Directions — In the entries below, find the line with "Katlı Otopark Yapımına Başlandı" and the line with "Photo of the". Repeat exactly everything between them, those two lines included, but not the pictures.

Data excerpts —
-*-

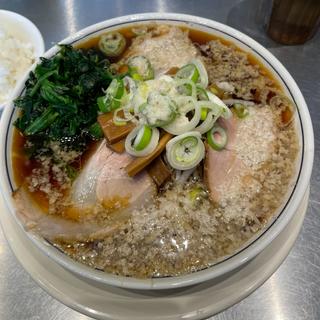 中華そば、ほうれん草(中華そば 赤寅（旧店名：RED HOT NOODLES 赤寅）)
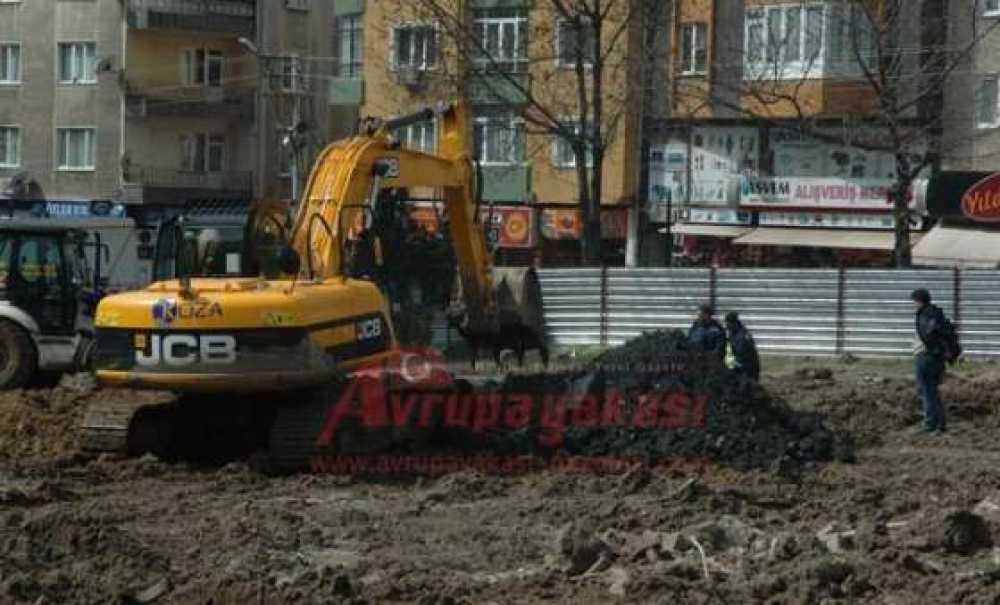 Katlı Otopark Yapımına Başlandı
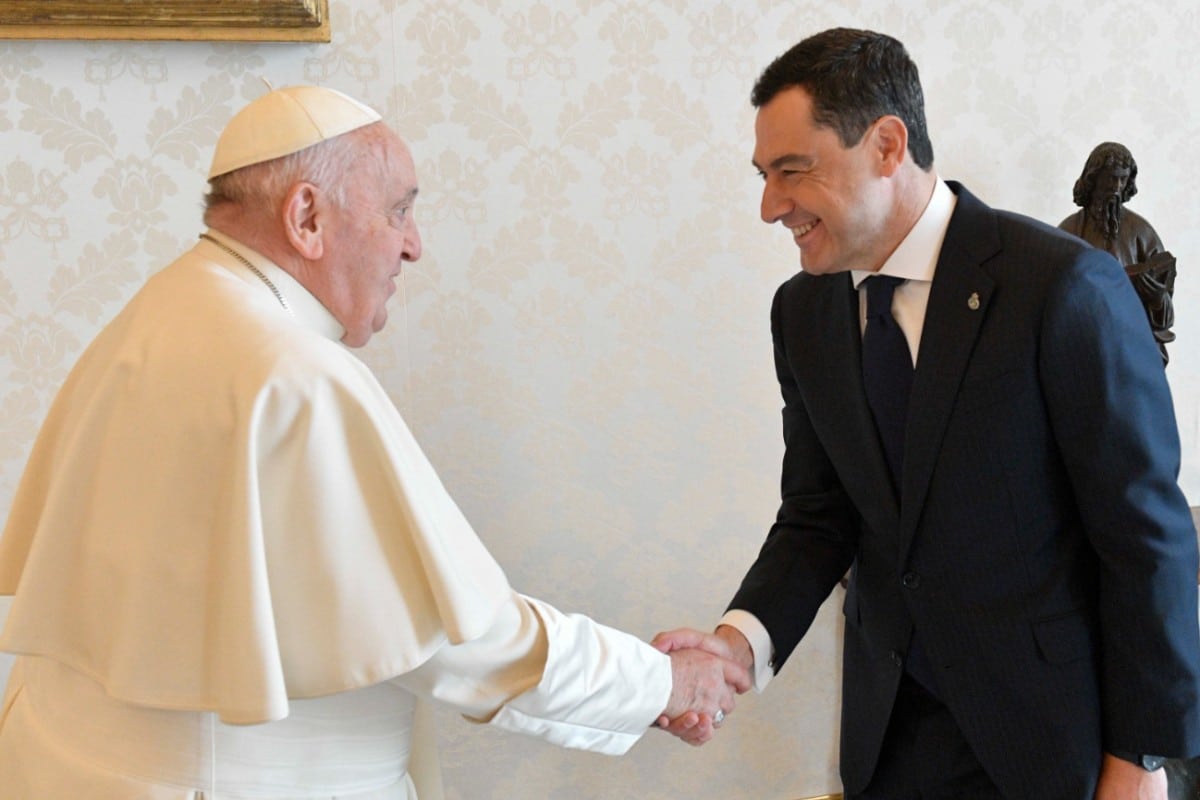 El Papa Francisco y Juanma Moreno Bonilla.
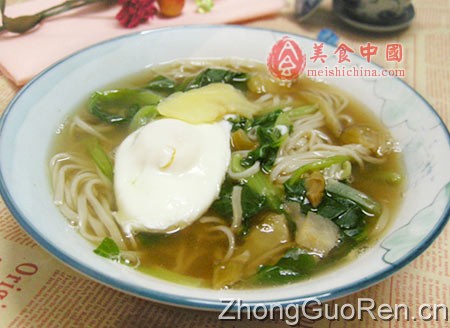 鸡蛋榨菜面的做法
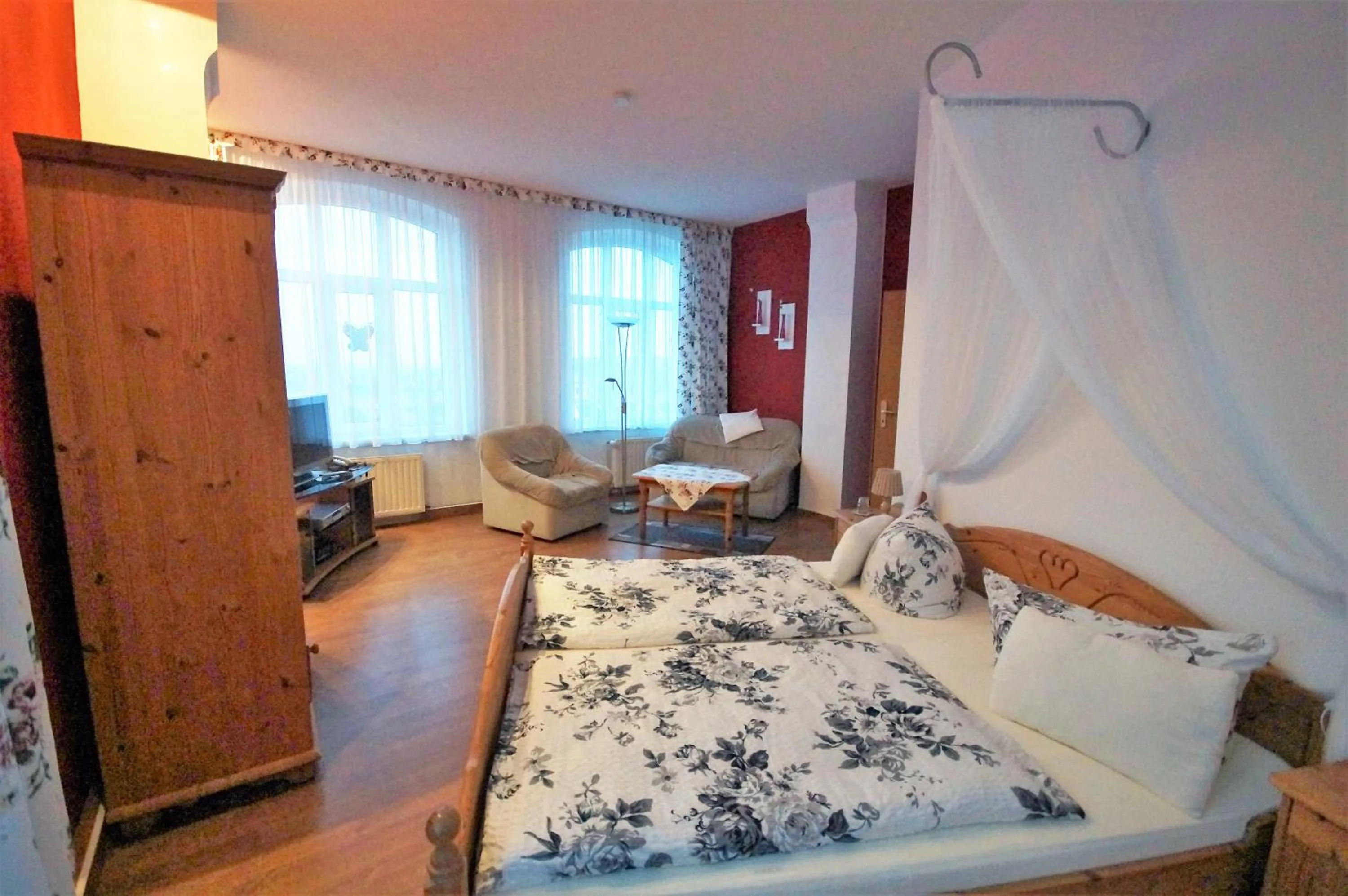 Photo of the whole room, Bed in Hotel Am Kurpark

-*-

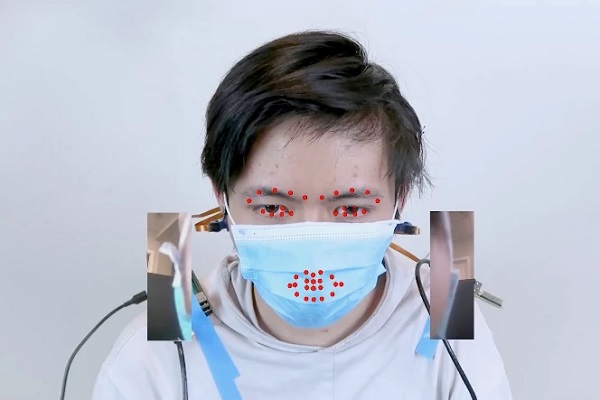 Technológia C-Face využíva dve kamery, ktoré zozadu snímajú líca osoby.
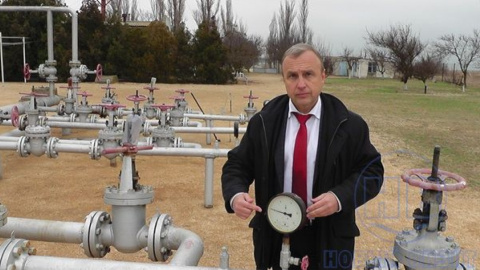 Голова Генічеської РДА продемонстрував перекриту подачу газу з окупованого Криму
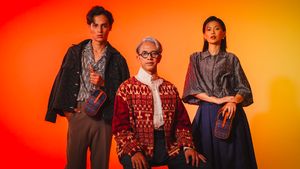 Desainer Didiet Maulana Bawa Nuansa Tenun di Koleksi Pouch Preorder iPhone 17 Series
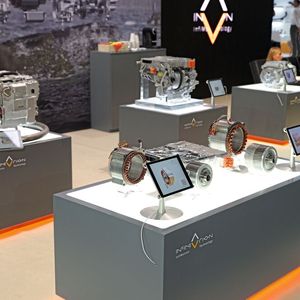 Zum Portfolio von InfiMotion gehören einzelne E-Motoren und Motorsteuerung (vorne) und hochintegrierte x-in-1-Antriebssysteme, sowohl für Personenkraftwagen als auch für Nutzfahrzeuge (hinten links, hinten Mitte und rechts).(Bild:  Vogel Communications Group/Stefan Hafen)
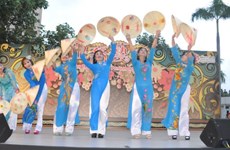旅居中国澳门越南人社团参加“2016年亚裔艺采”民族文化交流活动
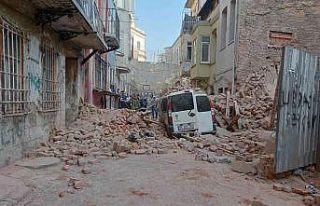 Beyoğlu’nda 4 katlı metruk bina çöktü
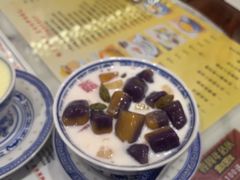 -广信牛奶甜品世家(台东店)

-*-

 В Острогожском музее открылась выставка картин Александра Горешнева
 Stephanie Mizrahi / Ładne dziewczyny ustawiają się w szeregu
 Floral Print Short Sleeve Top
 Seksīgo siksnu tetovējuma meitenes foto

-*-

Result of the task —
 Katlı Otopark Yapımına Başlandı
 El Papa Francisco y Juanma Moreno Bonilla.
 鸡蛋榨菜面的做法
 Photo of the whole room, Bed in Hotel Am Kurpark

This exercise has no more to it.